We know that there is no initial current in the circuit. Hence, substitute, *t* = 0 and *𝑖* = 0 in Equation 4 in order to find the value of the constant ** k**.

$$0 = \frac{V}{R} + ke^{-\lgroup \frac{R}{L} \rgroup(0)}$$

$$0 = \frac{V}{R} + k(1)$$

$$k = - \frac{V}{R}$$

Substitute, the value of k in Equation 4.

$$i = \frac{V}{R} + \lgroup - \frac{V}{R} \rgroup e^{-\lgroup \frac{R}{L} \rgroup t}$$

$$i = \frac{V}{R} - \frac{V}{R}e^{-\lgroup \frac{R}{L} \rgroup t}$$

Therefore, the **current** flowing through the circuit is

$i = - \frac{V}{R}e^{-\lgroup \frac{R}{L} \rgroup t} + \frac{V}{R}$**Equation 5**

So, the response of the series RL circuit, when it is excited by a DC voltage source, has the following two terms.

The first term $-\frac{V}{R}e^{-\lgroup \frac{R}{L} \rgroup t}$ corresponds with the

**transient response**.The second term $\frac{V}{R}$ corresponds with the

**steady state response**. These two responses are shown in the following figure.

We can re-write the Equation 5 as follows −

$i = \frac{V}{R} \lgroup 1 - e^{-\lgroup \frac{R}{L} \rgroup t} \rgroup$

$\Rightarrow i = \frac{V}{R} \lgroup 1 - e^{-\lgroup \frac{t}{\tau} \rgroup} \rgroup$**Equation 6**

Where, **τ** is the **time constant** and its value is equal to $\frac{L}{R}$.

Both Equation 5 and Equation 6 are same.
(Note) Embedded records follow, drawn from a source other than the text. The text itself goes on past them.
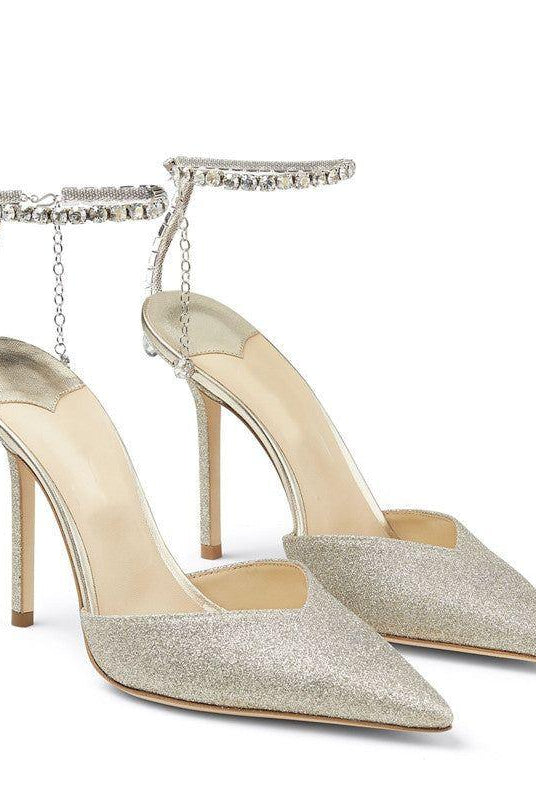 Marwa Crystal Sparkle Jewelry Heels - Crystal White / 4 - Be My Shine
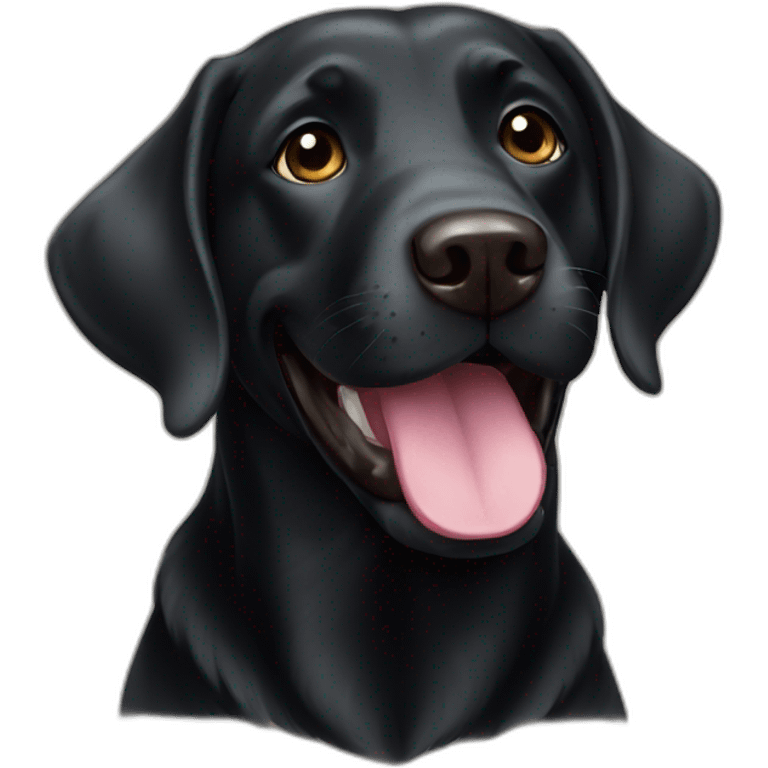 smiling blACK labrador emoji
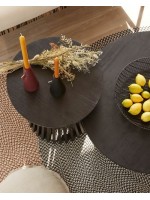 CLESSIDRA tavolino di design diam 80 cm in legno massello con finitura nera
But, we can easily understand the above waveform of current flowing through the circuit from Equation 6 by substituting a few values of **t** like 0, τ, 2τ, 5τ, etc.

In the above waveform of current flowing through the circuit, the transient response will present up to five time constants from zero, whereas the steady state response will present from five time constants onwards.